Full-text search in PostgreSQL just got a major upgrade. pg_textsearch is a new extension from Tiger Data (formerly Timescale) that brings BM25 ranking, the same algorithm powering modern search engines, directly into Postgres.
For teams already running PostgreSQL, this opens up new possibilities: advanced full-text search without leaving the database ecosystem. Let’s explore what pg_textsearch brings to the table.
What is pg_textsearch?
pg_textsearch is a PostgreSQL extension that brings industry-standard BM25 ranking directly into Postgres. It’s built by Tiger Data (formerly Timescale, the team behind TimescaleDB) and designed for developers who want powerful search capabilities through familiar SQL syntax.
The API is straightforward:
SELECT * FROM products
WHERE description <@> 'wireless bluetooth headphones'
ORDER BY description <@> 'wireless bluetooth headphones'
LIMIT 10;
The <@> operator returns negative BM25 scores (more negative means a better match). This design allows PostgreSQL’s ascending index scans to return the most relevant results first.
Key Capabilities
| Capability | What It Means | Why It Matters |
|---|---|---|
| BM25 Ranking | Industry-standard relevance algorithm | Same ranking quality as dedicated search engines |
| SQL Interface | Query with familiar syntax | No new query language to learn |
| ACID Transactions | Search index updates are transactional | Data consistency guaranteed |
| Native Joins | Join search results with other tables | No denormalization required |
| pgvector Integration | Combine keyword + semantic search | Hybrid search in one query |
| Partitioned Tables | Works with Postgres partitioning | Time-series and large table support |
pg_textsearch Features
Understanding BM25 Ranking
BM25 (Best Matching 25) is the ranking algorithm that powers most modern search engines.

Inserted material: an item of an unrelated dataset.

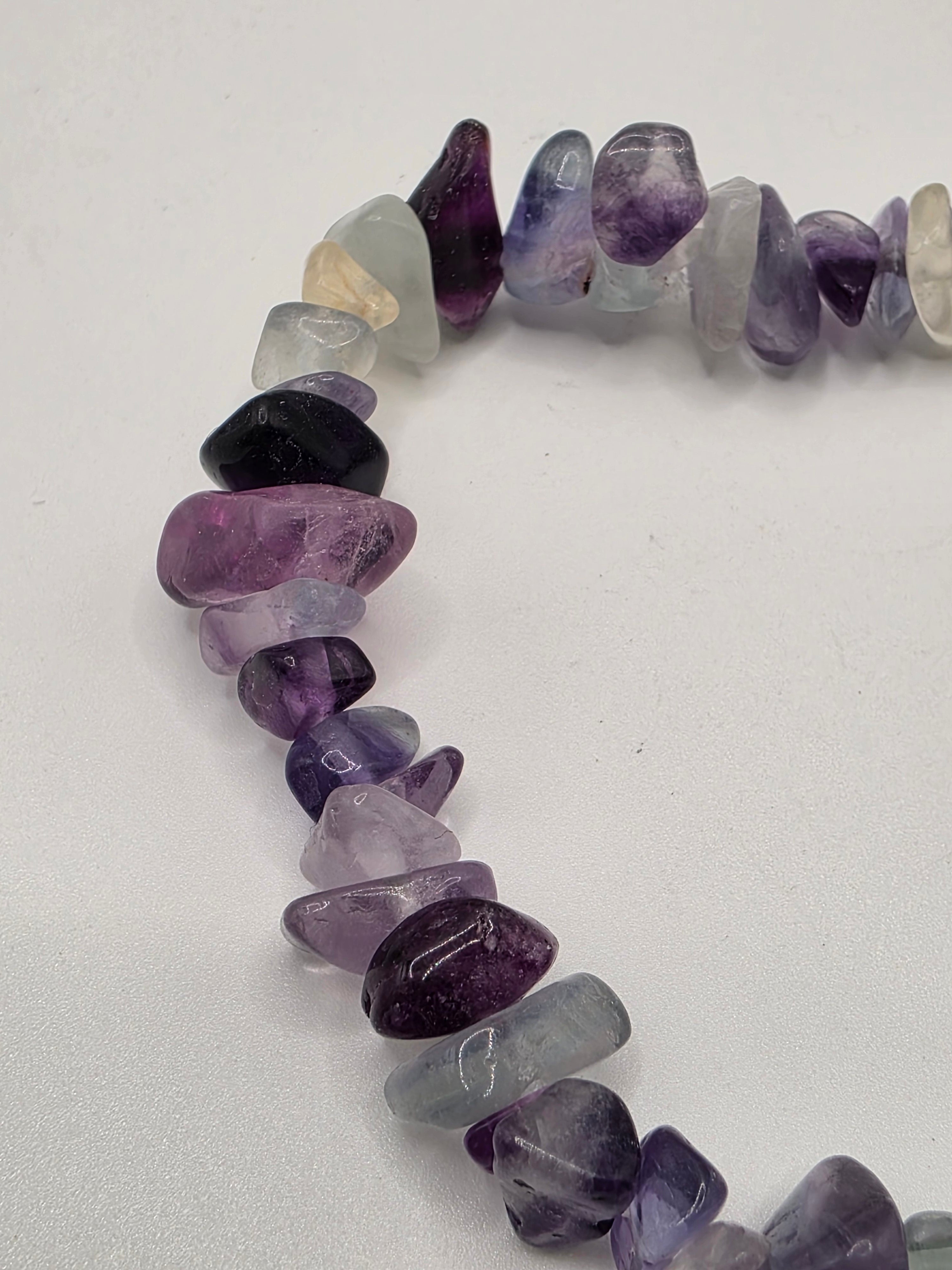 Close up of fluorite chips showing purple, green, and clear banding – natural rainbow fluorite stone variations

It improves on simpler term-frequency approaches with three key innovations:
- Length normalization: A concise, focused document can outrank a lengthy document that happens to mention the term many times
- Term saturation: Diminishing returns on repeated terms prevent keyword stuffing from gaming results
- Inverse document frequency (IDF): Rare, specific terms contribute more to relevance than common words
Here’s how this plays out in practice:
-- BM25 search with pg_textsearch
SELECT title, body <@> 'postgresql' AS score
FROM articles
ORDER BY body <@> 'postgresql'
LIMIT 10;
-- Example results showing BM25's length normalization:
-- "PostgreSQL Tutorial: Getting Started" → -4.87 (concise, focused)
-- "10,000 word article mentioning PostgreSQL often" → -1.24 (diluted relevance)

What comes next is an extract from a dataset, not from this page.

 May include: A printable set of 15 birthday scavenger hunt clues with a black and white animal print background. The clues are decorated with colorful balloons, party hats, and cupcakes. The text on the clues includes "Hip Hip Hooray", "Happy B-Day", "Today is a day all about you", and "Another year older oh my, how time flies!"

More negative scores indicate higher relevance. BM25 recognizes that a focused tutorial about PostgreSQL is likely more relevant than a lengthy document that merely mentions the term repeatedly.
The BM25 Formula (Simplified)
score = IDF × (tf × (k1 + 1)) / (tf + k1 × (1 - b + b × docLen/avgDocLen))
- IDF: Rare terms score higher (inverse document frequency)
- tf: Term frequency, but with saturation (diminishing returns)
- k1: Controls saturation speed (default: 1.2)
- b: Controls length normalization (default: 0.75)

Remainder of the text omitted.